Since today is a significant day for us, I decided to post my blog today instead of on Friday…
Today, two years ago, is a day in history that we will never be able to forget; it has forever changed our lives. It is the day that our son, Austin, very unexpectedly went to be with Jesus. Even though it has been the most heart-wrenching sorrow that we have ever faced, we have seen God’s hand leading us and have felt Him carrying us through these two years of grief. I have found that writing is healing for me, and I decided to share the letter that I have written to Austin on this two-year anniversary. This day has forever changed our lives, but we have experienced that ALL things DO work out for our good. Even this!

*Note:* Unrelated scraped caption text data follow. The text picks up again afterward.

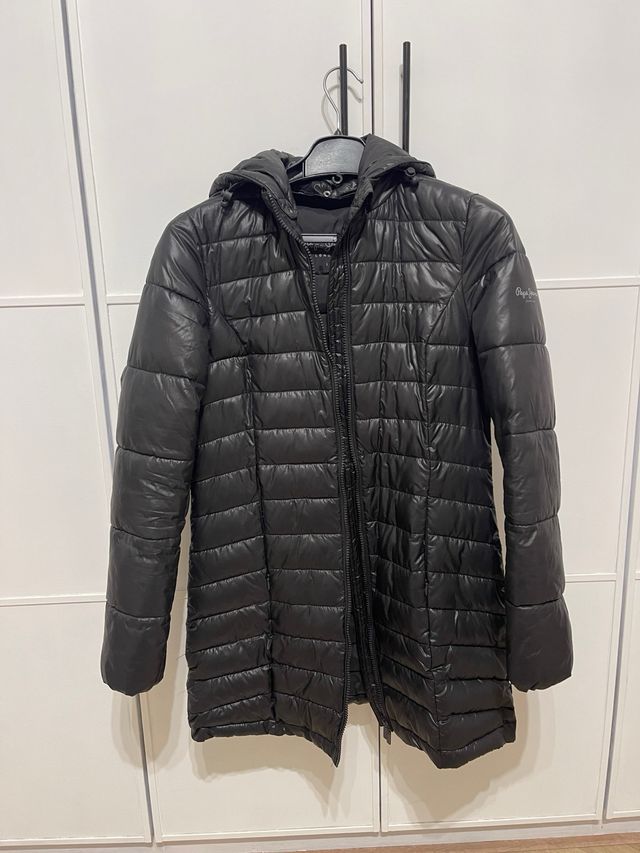 Chaqueta invierno Pepe Jeans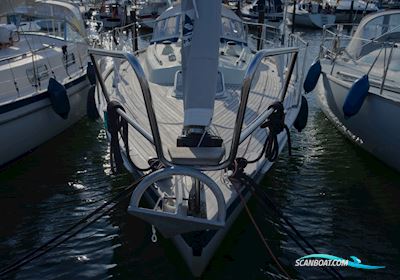 Hallberg Rassy 312 Zeilboten 1981, met Volvo Penta MD2030 motor, Duitsland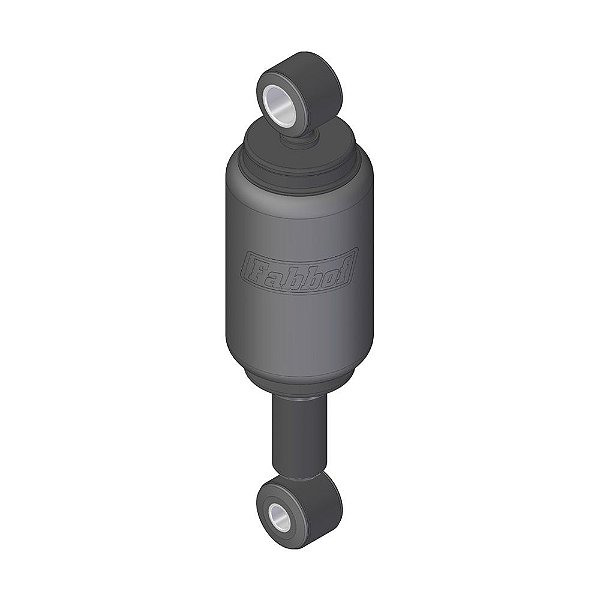 Bolsa Pneumática Cabine Iveco Stralis Dianteira
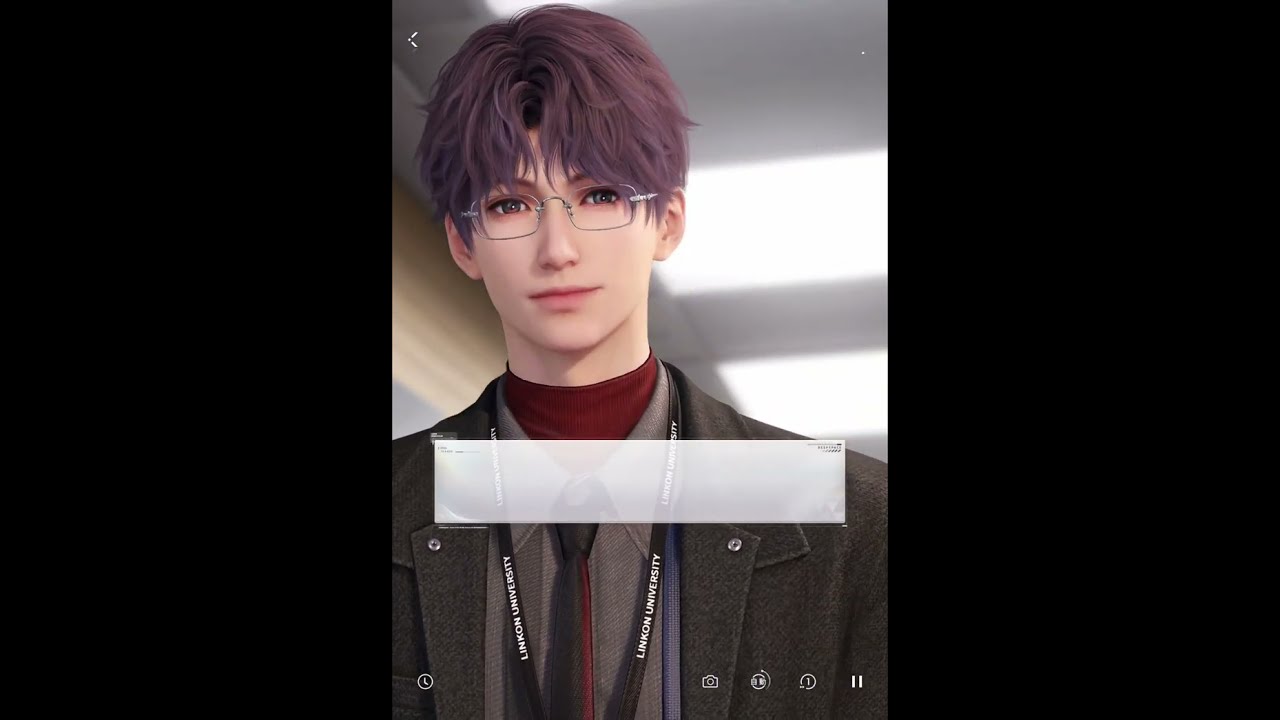 《戀與深空》祁煜 ∥ 步步向晚晴 ∥ 2026生日 全劇情 中配版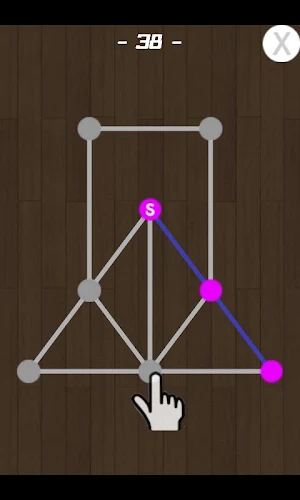 One touch Drawing Master Screenshot 1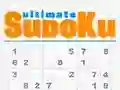 Spēle Ultimate Sudoku HTML5 online
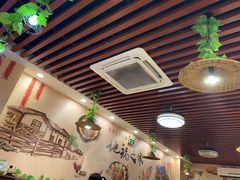 大堂-地锅之家·鲜货工厂(华发路店)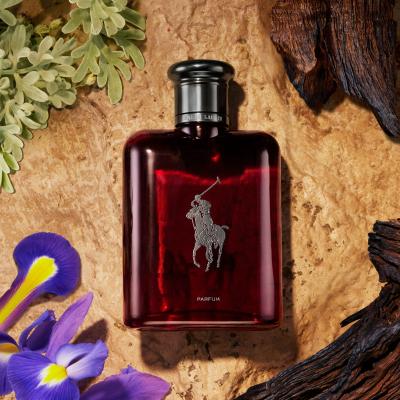 Ralph Lauren Polo Red Parfum für Herren 40 ml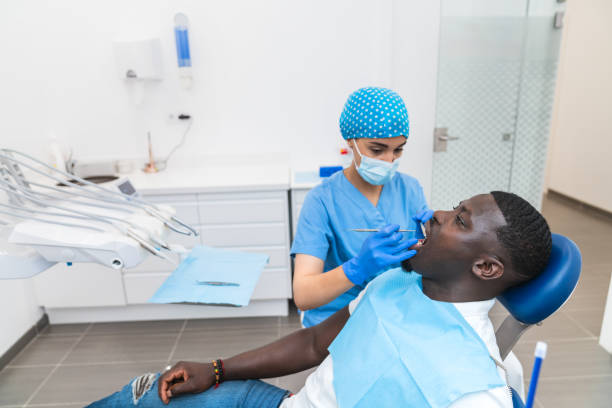 Best Emergency Dentist for Lost Fillings or Crowns in Mccom, MS
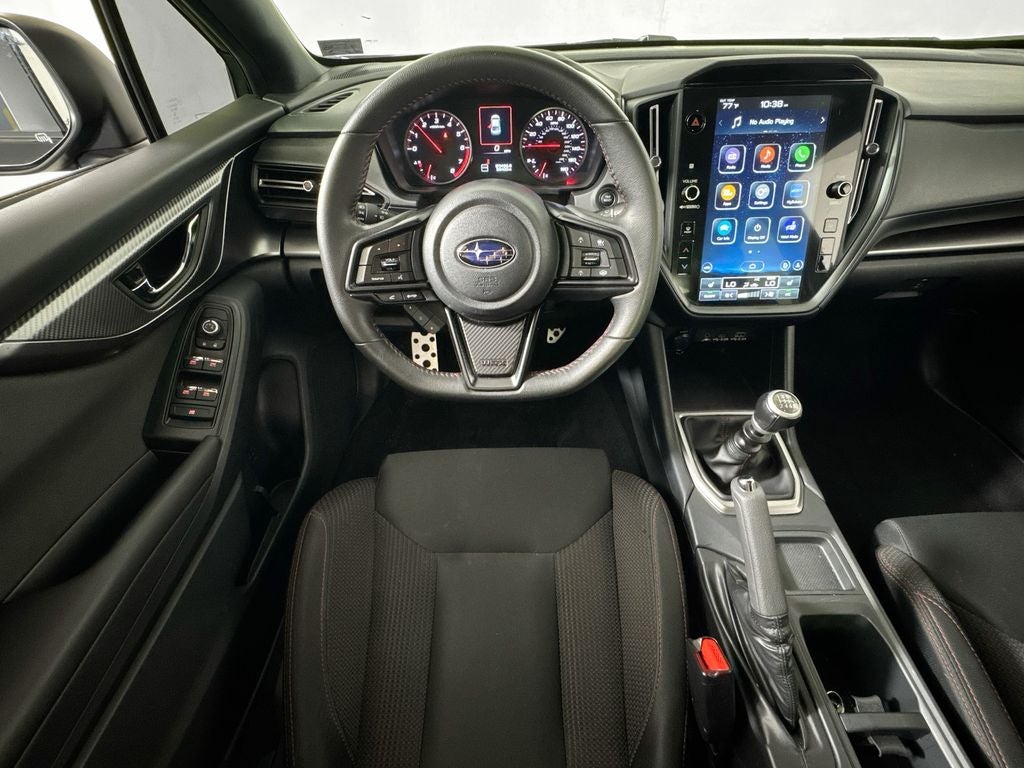 2024 Subaru WRX Premium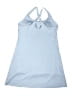 Nike 100% Polyester Blue Swimsuit Cover Up Size M - photo 2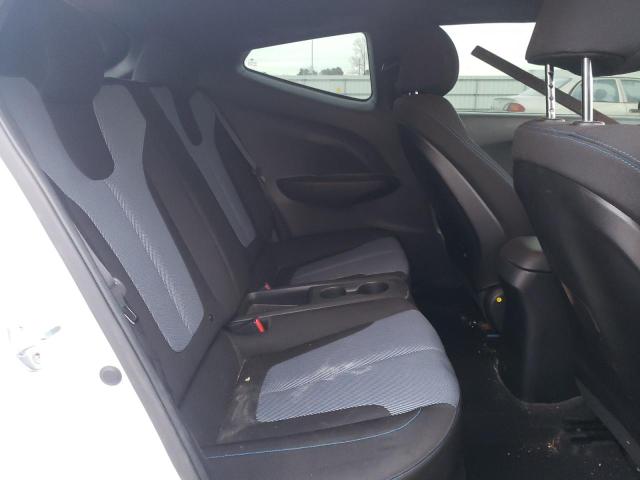 2020 HYUNDAI VELOSTER B - KMHTG6AF2LU022010
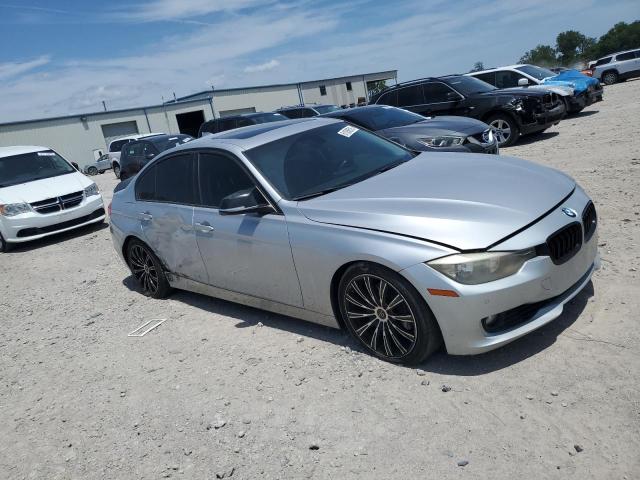 2014 BMW 3 SERIES - WBA3A5C50EP602116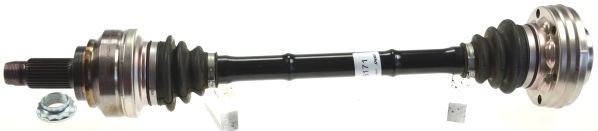 Vetoakseli - 25171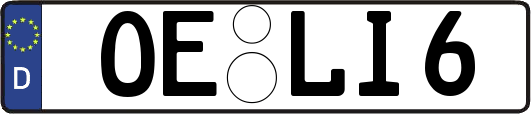 OE-LI6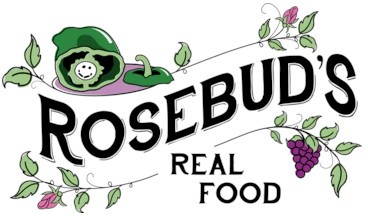 Rosebuds Real Food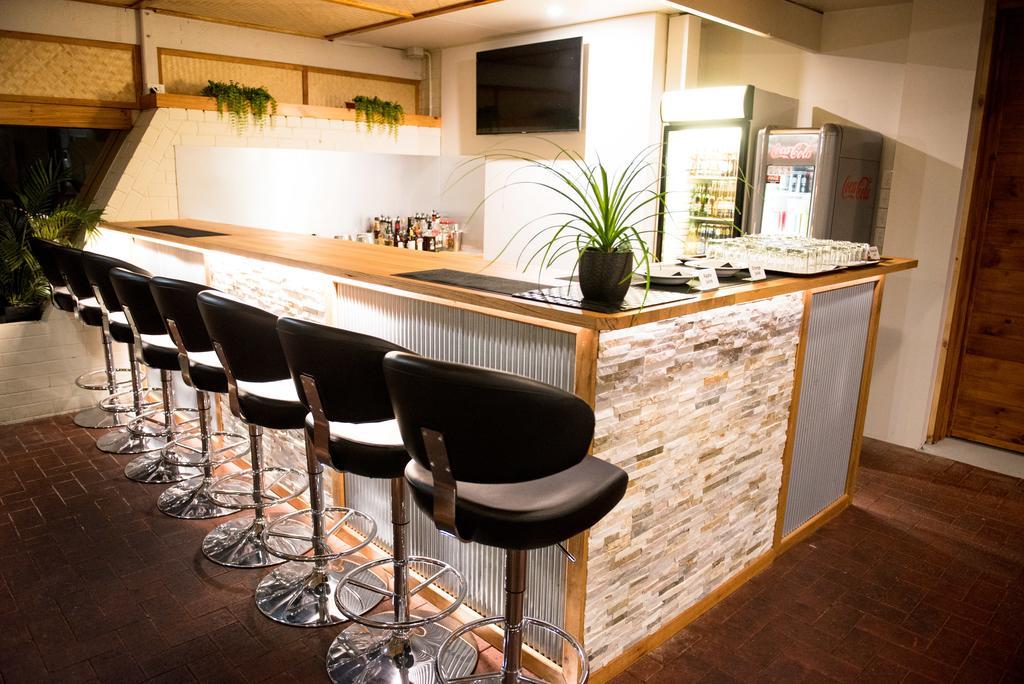 Hospitality Carnarvon, Surestay Collection By Best Western Экстерьер фото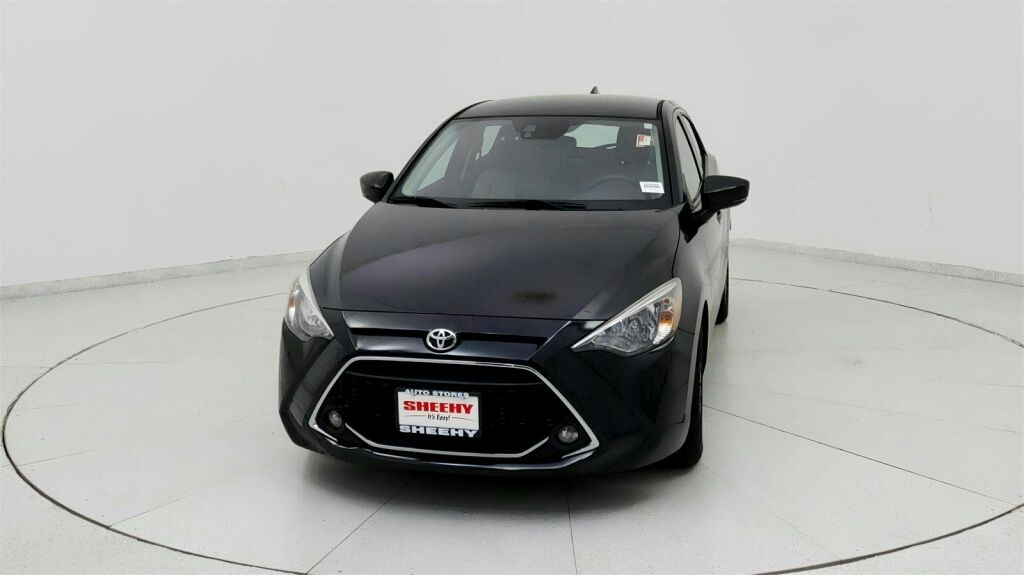 2020 Toyota Yaris LE Laurel MD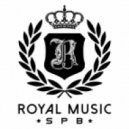 DJ Mexx & DJ Kolya Funk - Royal Music Podcast #1
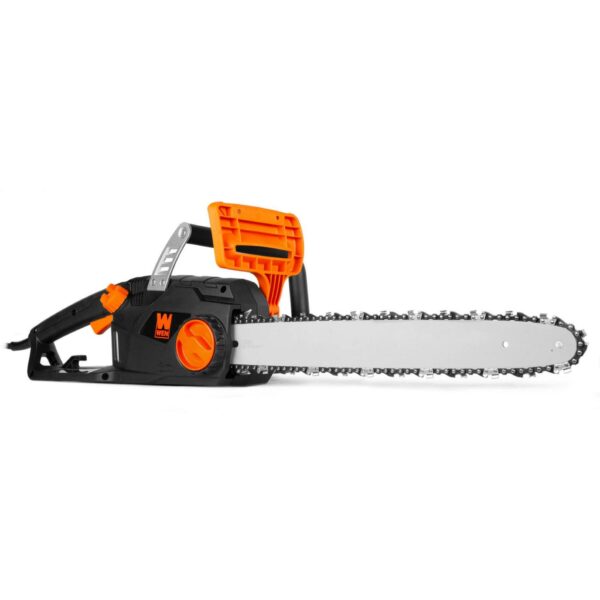 WEN 15-Amp 18-Inch Electric Chainsaw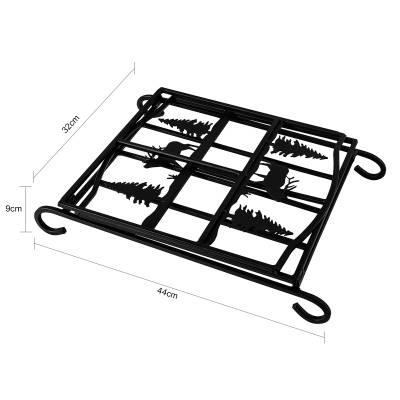 Plan & Dimensions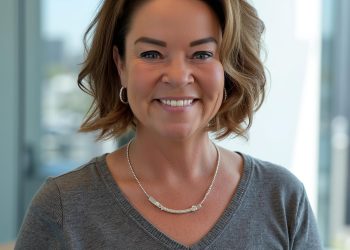 Charlotte Savoy – 2026 Real Estate Newsmaker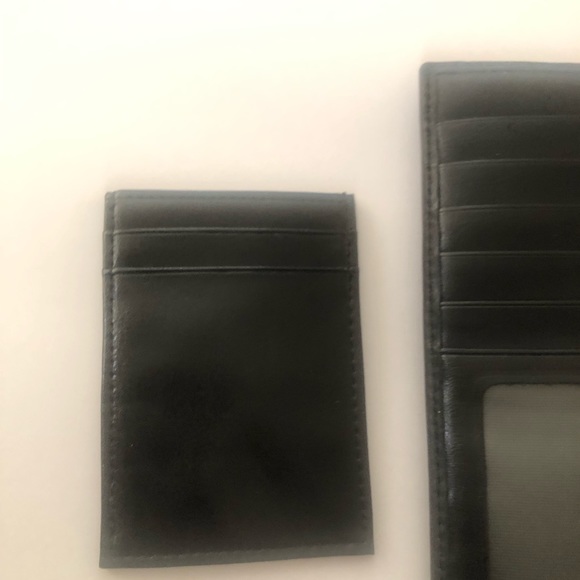 Rolf’s Vintage Wallet - Picture 16 of 16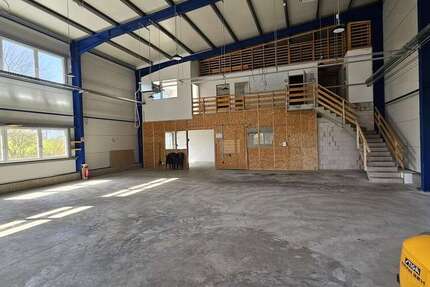 Gewerbeobjekt Rosdorf - 2.397&euro; | Angebot:25732580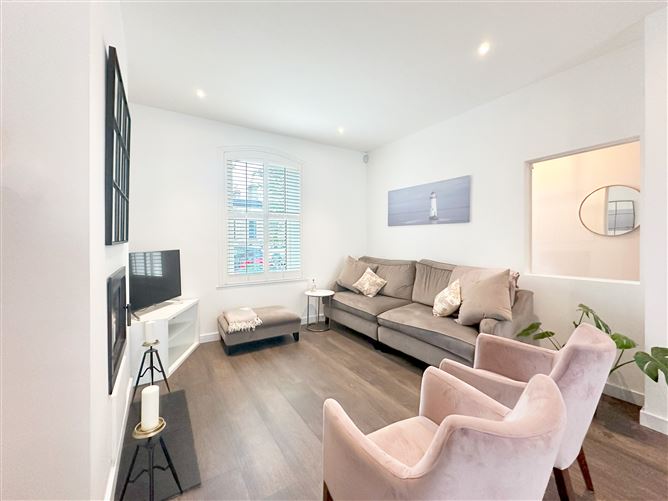 8 Fairview Strand, Fairview, Dublin 3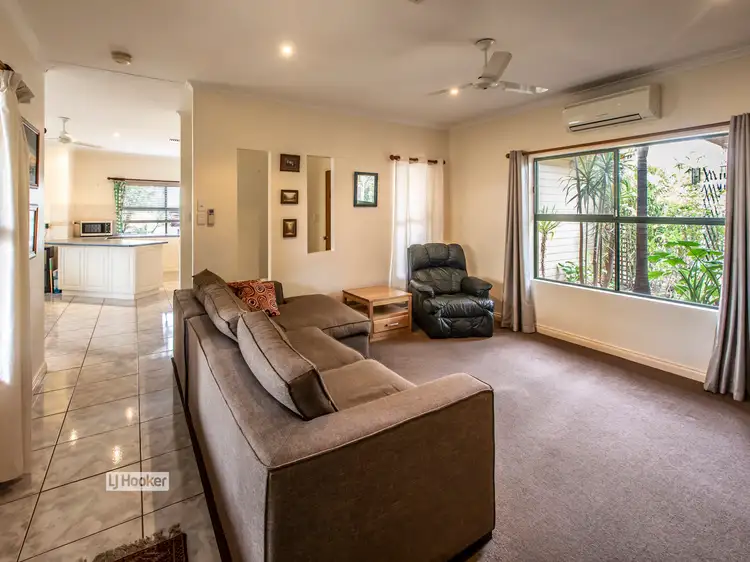 Third view of Homely house listing, 2 Diarama Close, Araluen NT 870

How do I begin to express all the emotions that I feel on a day like today? I have been dreading this day because it still feels excruciatingly painful to me. However, there is no way possible to avoid it. I know that continued healing will come as I embrace this journey, in the midst of the pain. Austin, I miss you immensely! In some ways, it seems like it has been much longer than two years since I have felt that daily hug from you or heard your laughter and teasing fill our home. I can hardly believe that we have been able to survive this long without your daily presence. You see, Austin, you are my firstborn and only son, and you gave me three very special gifts that no one else has ever given to me…
When I first heard your little cry and held you close in my arms, I was in awe of the love that filled my heart. I saw the matchless and everlasting love of my Heavenly Father just a little clearer. I was so overwhelmed by this precious demonstration of His love to me. As you grew and started trying to say your first words, my heart was thrilled as you began calling for “Mama.” This was your first gift to me! You gave me my first priceless gift of motherhood.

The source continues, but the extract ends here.